So let's examine what you're (potentially) doing by forcing this issue and so
on:

(1) Calling down a streisand effect on Dropbox. Perhaps you believe that code
is meant to be free to such an extent that this is part of your goal, so,
sure.

(2) They clearly have no intention of allowing DropShip to become a common use
case. If your Streisand effect results in wide adoption by people who just
latch onto your censorship angle, they will have to take rushed action to
prevent further spread.

(3) This rushed action could be a technical solution (maybe challenge-
response, as mentioned) or a banhammer once they have narrowed down the use
signature for dropship.

\--

(3a-technical) If it's the technical solution, as it was produced under rapid
duress, is buggy. Suddenly, your beloved dropbox starts corrupting your files,
or refusing to sync some in edge cases. Oops. Some [paying] users who never
even heard about this 'censorship' issue notice this issue and take their
business elsewhere, and of course it's less useful to you too as a tool until
they fix it.

(3a-technical alternative) It's not a buggy fix because they're supercoders.
Still, their team had to put in an ungodly week to make and stress-test the
fix; congratulations on ruining their quality of life for a week while still
losing dropship.

(3b-banhammer) Well, they figure out how to track people using dropship, and
maybe institute a 3 strikes policy (2 emails, 1 ban.) So you stop using
dropship after the first email, with a bit of simmering resentment at dropbox;
still no dropship. Meanwhile, there are false positives because of course
there are; this generates a second, far louder streisand effect, and dropbox
again loses some paying customers.

-

In summary: sure, open-source code is meant to be free. But your actions don't
exist in a vacuum. At the end of the day, Dropbox is clearly not going to
tolerate dropship on its network.

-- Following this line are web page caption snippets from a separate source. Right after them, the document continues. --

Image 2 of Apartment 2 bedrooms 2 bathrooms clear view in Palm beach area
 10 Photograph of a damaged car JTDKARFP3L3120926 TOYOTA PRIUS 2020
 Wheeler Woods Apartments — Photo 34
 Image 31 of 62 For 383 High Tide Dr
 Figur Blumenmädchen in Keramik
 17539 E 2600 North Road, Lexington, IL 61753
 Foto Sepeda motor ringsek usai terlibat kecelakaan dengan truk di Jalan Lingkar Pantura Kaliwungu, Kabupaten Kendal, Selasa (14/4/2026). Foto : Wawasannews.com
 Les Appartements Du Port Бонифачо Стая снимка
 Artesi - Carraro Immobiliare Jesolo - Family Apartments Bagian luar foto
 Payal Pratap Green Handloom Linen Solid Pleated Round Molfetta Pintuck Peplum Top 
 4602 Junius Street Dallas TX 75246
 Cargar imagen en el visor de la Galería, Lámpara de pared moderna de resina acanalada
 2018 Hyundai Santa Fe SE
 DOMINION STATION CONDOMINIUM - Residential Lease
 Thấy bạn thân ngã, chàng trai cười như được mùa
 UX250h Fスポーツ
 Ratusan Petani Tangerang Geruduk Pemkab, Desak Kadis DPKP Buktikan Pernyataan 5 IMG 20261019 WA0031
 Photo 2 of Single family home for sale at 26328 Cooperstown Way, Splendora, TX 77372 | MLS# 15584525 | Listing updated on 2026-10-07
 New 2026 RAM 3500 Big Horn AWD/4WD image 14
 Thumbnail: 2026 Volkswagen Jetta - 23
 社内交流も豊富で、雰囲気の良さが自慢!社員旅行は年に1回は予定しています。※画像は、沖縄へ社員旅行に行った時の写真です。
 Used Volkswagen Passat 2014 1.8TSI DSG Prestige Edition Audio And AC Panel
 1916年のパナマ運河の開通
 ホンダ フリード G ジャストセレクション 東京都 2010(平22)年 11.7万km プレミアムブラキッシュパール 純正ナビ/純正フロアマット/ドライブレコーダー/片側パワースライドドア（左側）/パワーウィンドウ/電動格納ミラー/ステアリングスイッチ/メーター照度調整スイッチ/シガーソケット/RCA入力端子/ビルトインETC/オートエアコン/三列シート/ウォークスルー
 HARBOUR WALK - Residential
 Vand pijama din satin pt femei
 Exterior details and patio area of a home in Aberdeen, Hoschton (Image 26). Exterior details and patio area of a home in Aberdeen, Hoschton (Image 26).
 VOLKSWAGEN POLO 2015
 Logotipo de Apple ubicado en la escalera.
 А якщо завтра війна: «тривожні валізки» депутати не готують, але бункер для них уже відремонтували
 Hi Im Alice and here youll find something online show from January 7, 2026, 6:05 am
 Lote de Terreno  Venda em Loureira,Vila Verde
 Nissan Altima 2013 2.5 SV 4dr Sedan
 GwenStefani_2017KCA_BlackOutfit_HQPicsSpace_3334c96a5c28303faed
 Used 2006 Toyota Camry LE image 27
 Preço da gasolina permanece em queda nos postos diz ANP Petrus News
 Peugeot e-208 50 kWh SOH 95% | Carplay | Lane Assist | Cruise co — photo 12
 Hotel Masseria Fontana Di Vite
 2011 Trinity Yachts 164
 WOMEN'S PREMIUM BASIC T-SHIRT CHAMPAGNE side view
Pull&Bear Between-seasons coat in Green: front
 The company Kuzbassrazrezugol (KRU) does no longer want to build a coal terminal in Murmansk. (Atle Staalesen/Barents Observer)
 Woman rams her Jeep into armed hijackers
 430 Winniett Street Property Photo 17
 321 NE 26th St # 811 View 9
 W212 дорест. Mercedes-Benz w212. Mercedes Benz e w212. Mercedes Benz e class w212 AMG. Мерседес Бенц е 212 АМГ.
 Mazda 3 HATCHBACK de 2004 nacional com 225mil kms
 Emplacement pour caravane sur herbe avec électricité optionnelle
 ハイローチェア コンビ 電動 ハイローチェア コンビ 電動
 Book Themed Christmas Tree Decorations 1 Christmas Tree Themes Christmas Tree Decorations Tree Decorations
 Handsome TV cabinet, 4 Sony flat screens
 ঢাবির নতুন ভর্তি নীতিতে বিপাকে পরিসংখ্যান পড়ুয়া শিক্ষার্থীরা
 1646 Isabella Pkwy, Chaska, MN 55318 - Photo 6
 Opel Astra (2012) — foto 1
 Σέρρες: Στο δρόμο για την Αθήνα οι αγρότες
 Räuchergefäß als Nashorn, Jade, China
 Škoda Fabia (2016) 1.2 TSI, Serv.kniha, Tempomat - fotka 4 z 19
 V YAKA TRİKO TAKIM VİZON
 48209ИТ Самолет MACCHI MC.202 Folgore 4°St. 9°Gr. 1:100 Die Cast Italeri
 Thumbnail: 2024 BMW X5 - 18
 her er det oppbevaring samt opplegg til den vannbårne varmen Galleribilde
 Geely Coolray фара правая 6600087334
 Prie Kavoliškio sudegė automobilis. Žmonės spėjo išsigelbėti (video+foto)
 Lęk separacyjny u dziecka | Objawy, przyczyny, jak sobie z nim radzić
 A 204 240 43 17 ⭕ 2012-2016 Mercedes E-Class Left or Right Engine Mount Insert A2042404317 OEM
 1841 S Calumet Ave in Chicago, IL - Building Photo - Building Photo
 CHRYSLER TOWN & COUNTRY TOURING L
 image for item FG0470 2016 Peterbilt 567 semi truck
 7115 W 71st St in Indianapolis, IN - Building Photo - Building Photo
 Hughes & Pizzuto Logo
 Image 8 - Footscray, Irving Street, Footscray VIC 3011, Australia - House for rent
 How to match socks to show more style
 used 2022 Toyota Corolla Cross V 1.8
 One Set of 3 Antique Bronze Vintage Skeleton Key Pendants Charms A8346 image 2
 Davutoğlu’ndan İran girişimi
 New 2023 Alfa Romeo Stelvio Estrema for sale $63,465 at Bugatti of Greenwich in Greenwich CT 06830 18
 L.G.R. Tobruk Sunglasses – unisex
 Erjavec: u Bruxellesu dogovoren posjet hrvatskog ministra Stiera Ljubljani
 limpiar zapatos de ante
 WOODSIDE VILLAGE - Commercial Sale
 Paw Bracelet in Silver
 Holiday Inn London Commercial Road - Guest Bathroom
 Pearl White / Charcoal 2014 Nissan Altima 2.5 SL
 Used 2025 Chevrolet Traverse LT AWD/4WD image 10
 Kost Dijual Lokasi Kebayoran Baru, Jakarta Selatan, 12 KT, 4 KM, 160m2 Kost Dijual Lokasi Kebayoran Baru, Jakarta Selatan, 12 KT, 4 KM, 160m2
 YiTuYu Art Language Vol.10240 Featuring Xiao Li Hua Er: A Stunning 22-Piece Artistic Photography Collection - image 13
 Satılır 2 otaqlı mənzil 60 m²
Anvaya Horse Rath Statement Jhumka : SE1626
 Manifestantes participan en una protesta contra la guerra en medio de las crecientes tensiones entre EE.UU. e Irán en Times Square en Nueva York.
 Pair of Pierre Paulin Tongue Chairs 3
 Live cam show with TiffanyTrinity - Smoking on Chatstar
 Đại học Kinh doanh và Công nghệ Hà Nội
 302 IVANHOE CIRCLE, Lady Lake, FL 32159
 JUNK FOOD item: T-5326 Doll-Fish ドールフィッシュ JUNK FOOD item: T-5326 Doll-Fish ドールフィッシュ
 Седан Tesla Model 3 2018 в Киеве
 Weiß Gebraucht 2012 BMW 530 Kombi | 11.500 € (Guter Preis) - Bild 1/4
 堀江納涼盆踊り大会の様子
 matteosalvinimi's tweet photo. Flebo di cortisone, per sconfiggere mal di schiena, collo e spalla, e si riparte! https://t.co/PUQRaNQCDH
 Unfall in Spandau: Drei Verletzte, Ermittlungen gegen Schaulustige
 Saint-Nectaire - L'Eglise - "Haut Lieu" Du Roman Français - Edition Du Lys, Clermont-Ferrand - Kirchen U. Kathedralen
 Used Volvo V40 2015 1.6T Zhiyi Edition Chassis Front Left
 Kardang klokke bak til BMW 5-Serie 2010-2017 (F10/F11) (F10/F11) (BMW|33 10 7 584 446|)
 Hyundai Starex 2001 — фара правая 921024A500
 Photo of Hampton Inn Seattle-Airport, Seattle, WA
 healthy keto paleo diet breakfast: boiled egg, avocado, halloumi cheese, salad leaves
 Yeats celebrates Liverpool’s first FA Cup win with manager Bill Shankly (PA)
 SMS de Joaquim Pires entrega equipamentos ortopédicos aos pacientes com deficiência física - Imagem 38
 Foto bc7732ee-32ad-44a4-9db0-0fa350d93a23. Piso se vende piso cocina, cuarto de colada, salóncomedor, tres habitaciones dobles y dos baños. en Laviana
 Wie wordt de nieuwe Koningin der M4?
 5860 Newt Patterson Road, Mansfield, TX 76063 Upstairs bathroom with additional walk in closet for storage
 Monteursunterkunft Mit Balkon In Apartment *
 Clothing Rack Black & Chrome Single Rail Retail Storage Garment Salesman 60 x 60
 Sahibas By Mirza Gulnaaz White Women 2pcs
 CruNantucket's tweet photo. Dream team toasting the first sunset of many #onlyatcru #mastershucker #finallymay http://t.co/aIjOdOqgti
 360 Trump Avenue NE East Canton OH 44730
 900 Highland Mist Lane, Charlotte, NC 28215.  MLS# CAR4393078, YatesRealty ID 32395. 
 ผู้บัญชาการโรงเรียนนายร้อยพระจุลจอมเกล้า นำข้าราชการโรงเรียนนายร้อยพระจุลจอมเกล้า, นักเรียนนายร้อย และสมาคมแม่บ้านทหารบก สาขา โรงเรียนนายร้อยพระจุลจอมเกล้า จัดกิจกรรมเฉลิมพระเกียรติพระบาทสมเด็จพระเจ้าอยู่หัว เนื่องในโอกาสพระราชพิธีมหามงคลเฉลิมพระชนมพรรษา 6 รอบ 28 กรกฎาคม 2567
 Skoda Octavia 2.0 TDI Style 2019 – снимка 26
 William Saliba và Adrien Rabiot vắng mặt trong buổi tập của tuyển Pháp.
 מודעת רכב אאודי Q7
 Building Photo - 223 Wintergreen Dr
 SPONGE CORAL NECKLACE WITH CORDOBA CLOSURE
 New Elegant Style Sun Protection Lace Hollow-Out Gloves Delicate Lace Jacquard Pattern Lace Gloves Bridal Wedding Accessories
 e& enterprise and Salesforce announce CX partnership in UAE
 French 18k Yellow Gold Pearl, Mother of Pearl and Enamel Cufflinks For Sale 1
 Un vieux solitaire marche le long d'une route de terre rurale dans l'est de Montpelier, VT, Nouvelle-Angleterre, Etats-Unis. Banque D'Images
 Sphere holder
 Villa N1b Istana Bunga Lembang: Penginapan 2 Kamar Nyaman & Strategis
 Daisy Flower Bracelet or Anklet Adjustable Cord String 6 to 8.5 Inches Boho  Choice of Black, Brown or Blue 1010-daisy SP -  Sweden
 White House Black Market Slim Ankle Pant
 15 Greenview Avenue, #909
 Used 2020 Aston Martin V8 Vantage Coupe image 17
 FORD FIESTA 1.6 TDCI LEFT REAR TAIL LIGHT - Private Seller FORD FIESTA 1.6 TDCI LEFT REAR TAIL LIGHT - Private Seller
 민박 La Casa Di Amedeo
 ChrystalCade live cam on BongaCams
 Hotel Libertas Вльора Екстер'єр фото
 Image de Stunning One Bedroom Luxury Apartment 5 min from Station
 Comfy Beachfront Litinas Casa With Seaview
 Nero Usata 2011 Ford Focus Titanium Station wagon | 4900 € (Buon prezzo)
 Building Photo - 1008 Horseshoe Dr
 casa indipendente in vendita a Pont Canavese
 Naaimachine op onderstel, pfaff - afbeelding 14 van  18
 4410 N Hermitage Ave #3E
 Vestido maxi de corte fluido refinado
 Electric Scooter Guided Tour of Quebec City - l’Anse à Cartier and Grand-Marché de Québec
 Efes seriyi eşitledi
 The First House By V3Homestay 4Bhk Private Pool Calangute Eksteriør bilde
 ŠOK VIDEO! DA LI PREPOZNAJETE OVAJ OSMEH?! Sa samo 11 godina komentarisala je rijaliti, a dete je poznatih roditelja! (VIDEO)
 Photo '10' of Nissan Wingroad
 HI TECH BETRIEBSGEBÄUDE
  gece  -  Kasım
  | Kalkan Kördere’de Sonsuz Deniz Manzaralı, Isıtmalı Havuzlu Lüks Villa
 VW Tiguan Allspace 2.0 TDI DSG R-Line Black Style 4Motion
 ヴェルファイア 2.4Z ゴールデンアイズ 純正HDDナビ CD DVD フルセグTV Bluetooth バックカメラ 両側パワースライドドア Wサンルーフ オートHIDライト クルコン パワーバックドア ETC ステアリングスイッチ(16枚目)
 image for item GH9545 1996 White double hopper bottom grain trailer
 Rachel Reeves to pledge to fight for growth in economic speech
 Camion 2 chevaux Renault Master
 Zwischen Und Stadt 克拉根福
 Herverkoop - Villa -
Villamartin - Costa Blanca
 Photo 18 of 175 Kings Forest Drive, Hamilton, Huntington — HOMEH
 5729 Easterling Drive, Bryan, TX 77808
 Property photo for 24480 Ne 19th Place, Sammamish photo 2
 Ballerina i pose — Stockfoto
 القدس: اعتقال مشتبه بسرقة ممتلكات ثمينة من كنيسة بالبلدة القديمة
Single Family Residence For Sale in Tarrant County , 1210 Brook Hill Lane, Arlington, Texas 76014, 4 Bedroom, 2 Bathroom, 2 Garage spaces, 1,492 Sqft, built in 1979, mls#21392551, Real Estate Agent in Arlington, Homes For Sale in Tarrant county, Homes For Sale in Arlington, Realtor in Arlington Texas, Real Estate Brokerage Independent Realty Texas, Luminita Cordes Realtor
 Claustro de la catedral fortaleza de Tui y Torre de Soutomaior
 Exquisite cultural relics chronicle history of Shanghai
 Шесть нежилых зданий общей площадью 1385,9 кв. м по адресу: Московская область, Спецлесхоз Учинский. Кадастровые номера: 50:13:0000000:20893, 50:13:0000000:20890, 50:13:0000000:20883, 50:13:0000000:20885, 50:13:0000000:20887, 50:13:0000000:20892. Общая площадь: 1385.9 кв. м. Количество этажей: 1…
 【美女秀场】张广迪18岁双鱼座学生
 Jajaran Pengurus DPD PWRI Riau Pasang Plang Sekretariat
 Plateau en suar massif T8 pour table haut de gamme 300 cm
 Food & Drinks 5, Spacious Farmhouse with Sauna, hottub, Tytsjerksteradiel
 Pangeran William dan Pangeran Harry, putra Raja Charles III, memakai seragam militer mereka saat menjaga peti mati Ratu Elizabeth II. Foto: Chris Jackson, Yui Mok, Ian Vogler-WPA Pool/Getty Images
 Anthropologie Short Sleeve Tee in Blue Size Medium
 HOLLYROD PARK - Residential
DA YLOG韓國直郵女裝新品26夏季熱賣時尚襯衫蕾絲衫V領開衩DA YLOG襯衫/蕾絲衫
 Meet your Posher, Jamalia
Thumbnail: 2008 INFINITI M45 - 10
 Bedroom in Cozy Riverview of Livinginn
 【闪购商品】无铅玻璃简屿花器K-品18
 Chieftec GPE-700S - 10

Consider whether you would rather keep using
dropbox as it is, or shoehorn yourself into basically open war on dropbox
unless you can dropship on it.

(Tangentially: it was a neat enough hack, but it still doesn't seem any
functionally different than sharing public URLs for the file, with the only
differences being that you circumvent the bandwidth limits - again, congrats
on fighting the TOS of a service you supposedly love.)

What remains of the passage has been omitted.